The play begins with a line of characters on the stage. Each introduces himself, briefly and with a bit of humor. For instance: An older brother complains about his younger brother, who doesn't like to work; a few minutes later, we meet the younger brother who complains that his older brother works too damn much.
We meet Felix Marchand Dugras (Chevas Perkins), a Creole who has inherited his father's plantation, which he hates. His heart is in Paris, and he wants to write. We meet Lady Mississippi (Autumn Knight), an independent woman who runs a juke joint. We meet the aforementioned brothers Arthur (Aaron Jackson), the slacker, and Calfort (Jerron O'Neal), the industrious one. We meet Mr. B. (Hollis Hayden Jr.), a bootlegger; Henrietta Hughes (Tonika Davis) and Augustine Periloux (Lakesha Glover), both of whom are housekeepers. And, finally, we meet their bosses: James Jennings Crowley (Bob Edes), a white lawyer from Uptown, and his alcoholic cousin, Mrs. Thibideaux (Kara Hadigan), who lives in exile down in Plaquemines.

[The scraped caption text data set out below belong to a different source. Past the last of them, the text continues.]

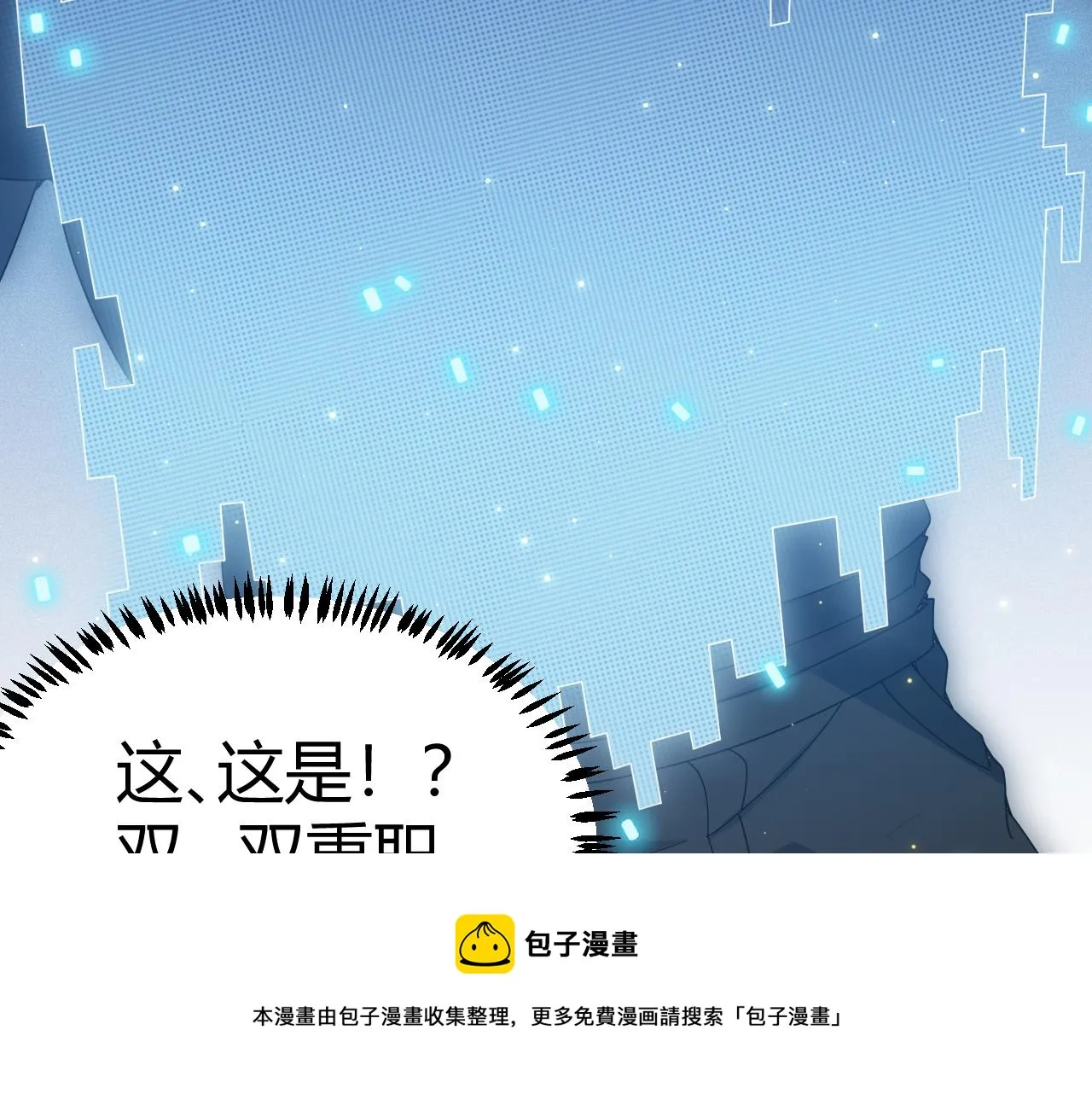 第348页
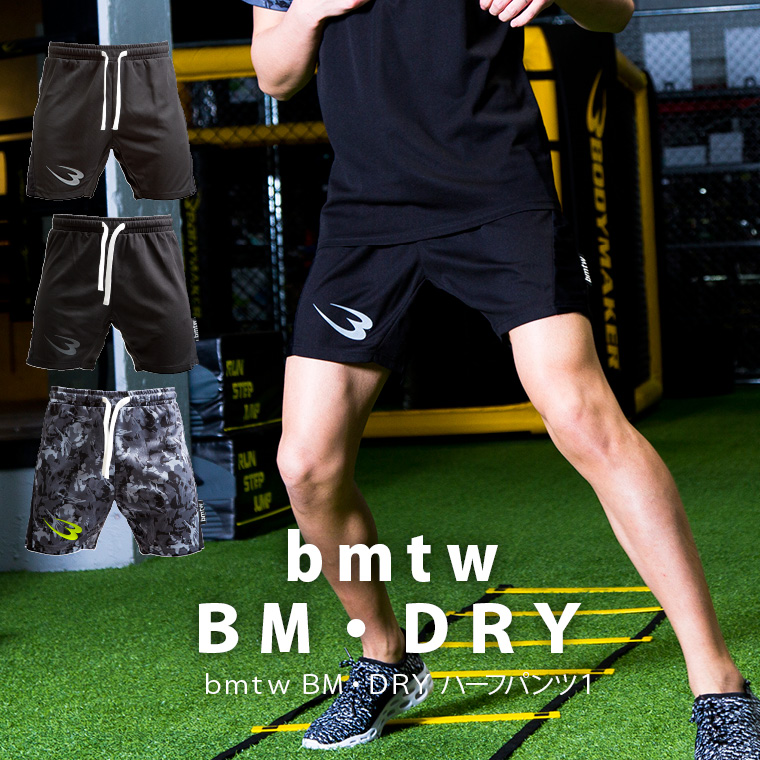 bmtw BM GYM ウエアDRY ハーフパンツ1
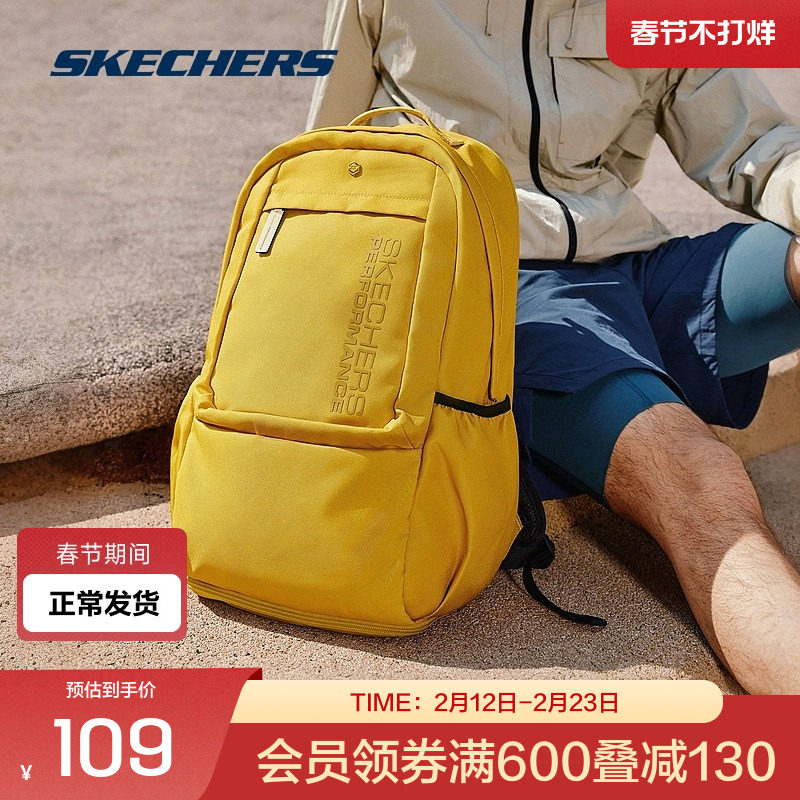 斯凯奇官方outlets新品舒适运动系列防泼水面料双肩背包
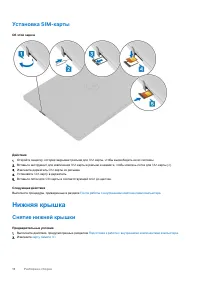 Страница 18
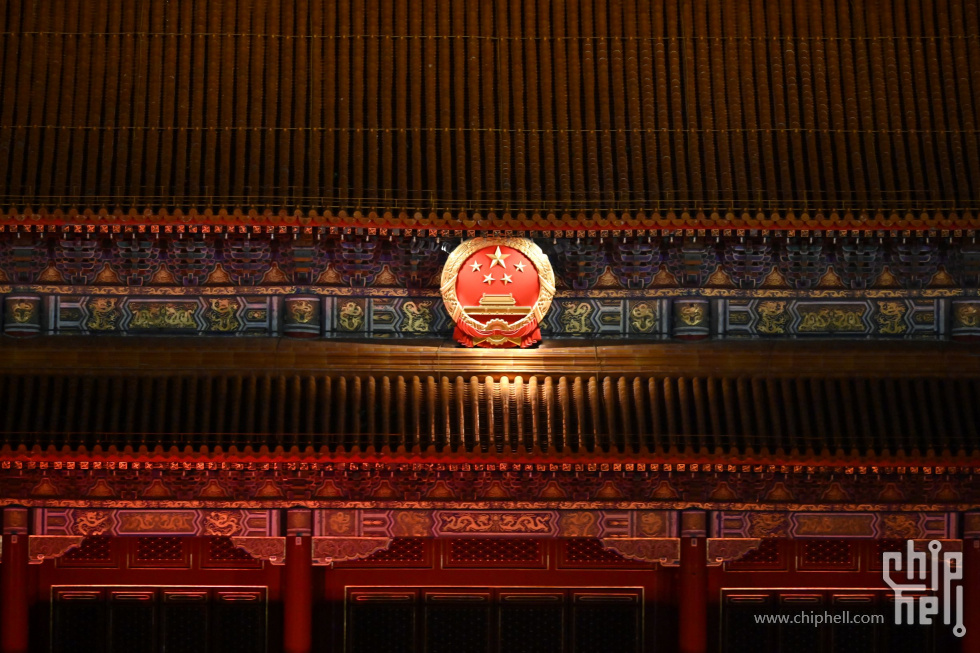 DSC_3891.JPG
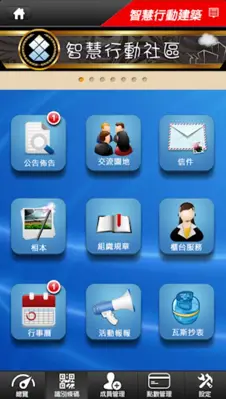 智慧行動建築 android App screenshot 2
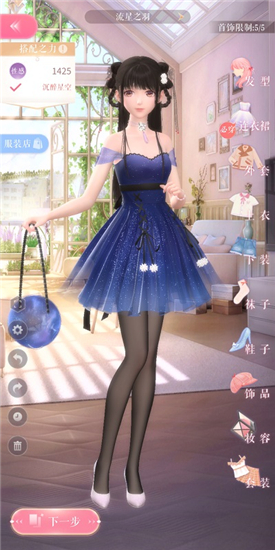 《闪耀暖暖》2-11完美通关攻略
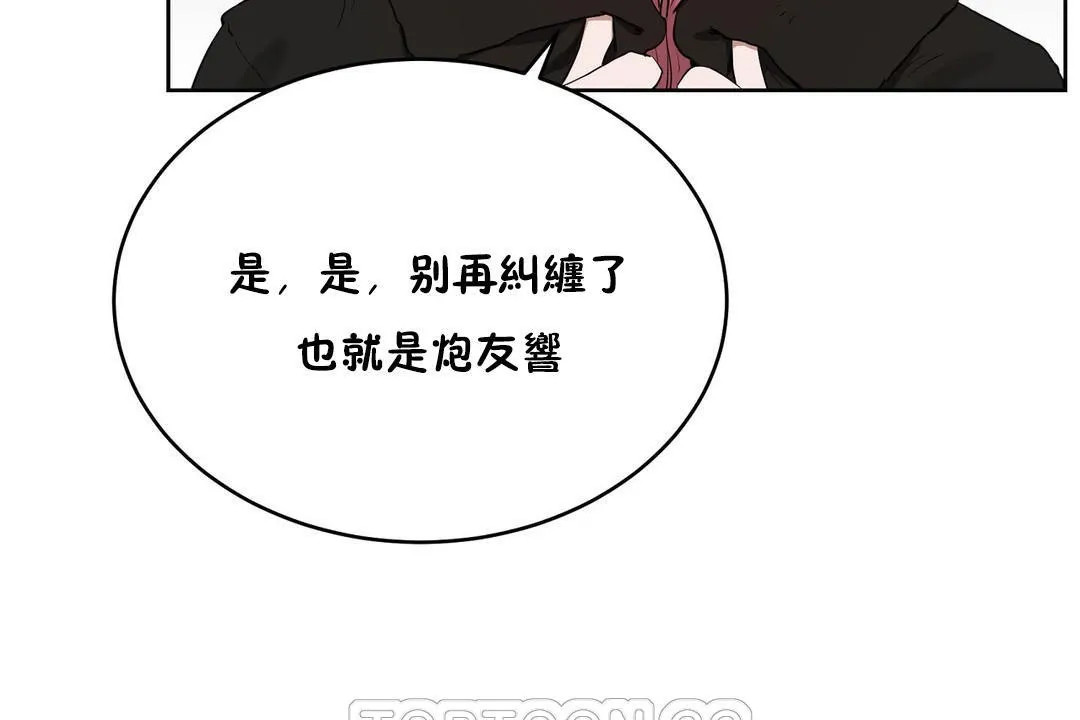 性教育 第23话 第27页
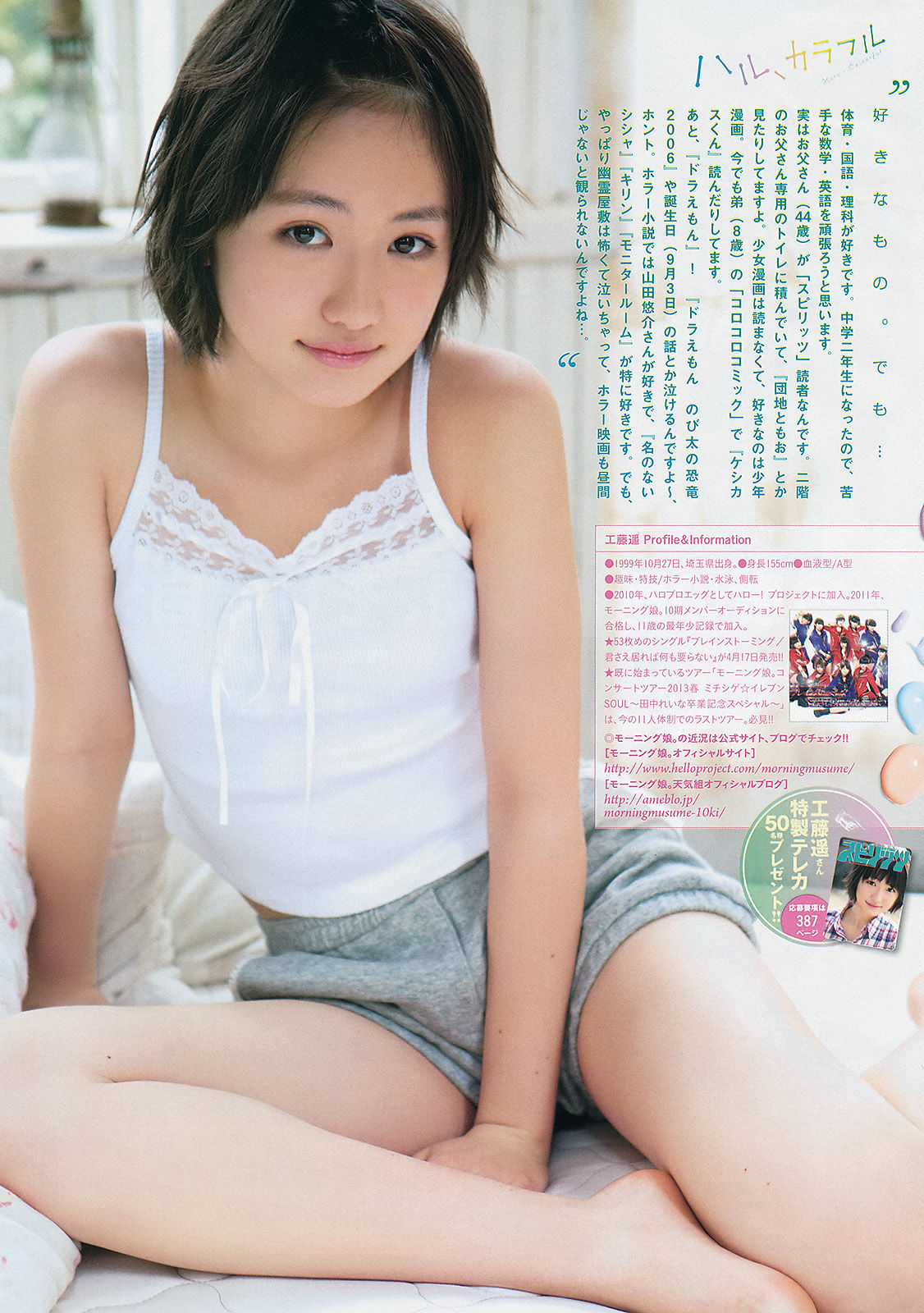 [Weekly Big Comic Spirits] 2013年No.19 工藤遙  第12张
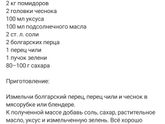 Помидоры! Что с ними сделать?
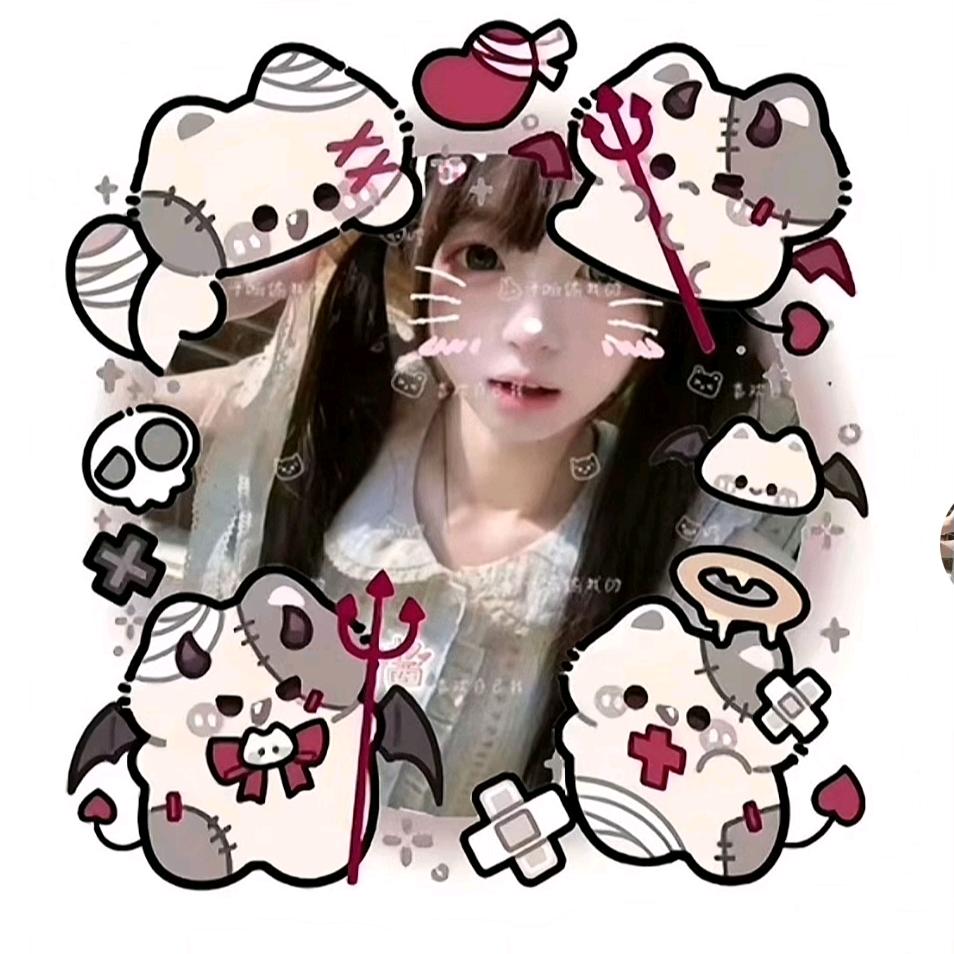 萌萌酱🍡∗︎˚(* ˃̤൬˂̤ *)˚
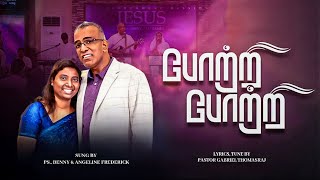 Potri Potri Thudithiduvom - Ps. Benny \u0026 Angeline Frederick #lhmissions acaavadi #tamilchristiansongs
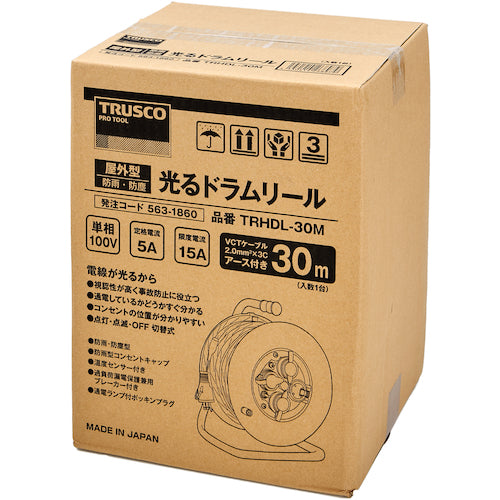 【２０２４年グッドデザイン賞受賞しました】ＴＲＵＳＣＯ 光るドラムリール 防雨防塵型１００Ｖ 温度センサー付 アース付 過負荷漏電保護兼用ブレーカー付 ３０ｍ TRHDL-30M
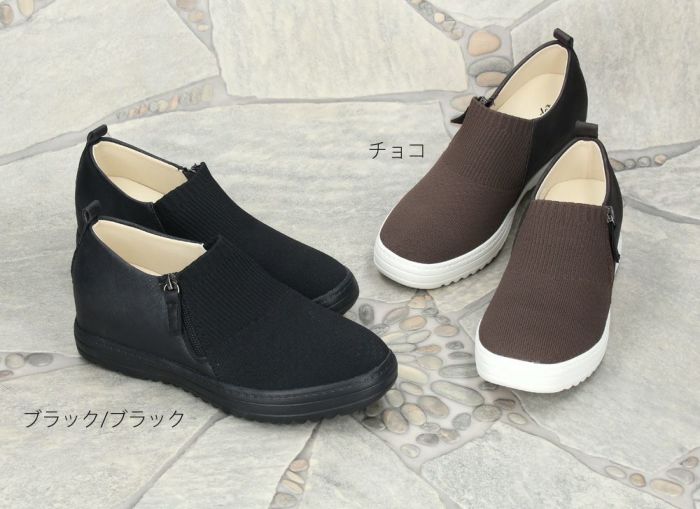 レディース スリッポン 軽量 シューズ 疲れない 幅広 3E 黒 茶色 カジュアル 靴 スニーカー ブラック チョコ ブラウン パレード 16 Parade
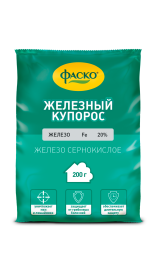 Железный купорос Фаско 200гр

All these characters, black and white, are flawed and likable. The villains of the piece are nameless bankers from New Orleans who want to blow up the levee down river "to prevent a run on the banks" -- presumably referring to financial and not alluvial deposits, though how the two are connected is not made clear. These scoundrels are played by blacks in white face and, in contrast to the characters in the main story, they seem like Brechtian caricatures of irresponsible, greedy tycoons. Mind you, for all I know, that's what they really were. But the difference in theatrical styles between the main characters in the play, and the evil "them" responsible for blowing up the levee is somehow disquieting. To go back to Sept. 11, for instance, as much as the terrorists disgust me, I can imagine them having human feelings and a coherent point of view.
The true strength of Troubled Waters is not its social criticism, but the generosity with which it embraces the main characters, wherever they fall on the social scale. Rich and poor, black and white, the portraits we receive are sympathetic, though not idealized. In fact, in some ways, the most complex and memorable person is the Uptown lawyer, a decent, cultured individual who cannot stand up to his lifelong circle of friends (the bankers who want to blow up the levee). Lacking the courage for heroic defiance, he consoles himself by writing love poems to his dying wife.
Much of the trials and travails in the African-American community can be traced to another off-stage white villain, Mrs. Thibideaux's deceased husband. This hateful individual made a habit of raping black women, with the aid of his gang of armed henchmen. In the wake of one of these attacks, Mr. B., the bootlegger, bashed in the old boy's brains and left him unconscious on the railroad tracks, where he was decapitated by the next train. His wife (the alcoholic society woman) considers the murder "a service to the community" and, if we're to believe the prevailing opinion among her black neighbors, "she called off the law from Mr. B." -- though how such a thing might be effected is left to our imagination.
All in all, Troubled Waters was a likable, inventive play, exuberantly performed and smoothly staged -- more convincing, perhaps, as a Southern gothic tale than as a docudrama.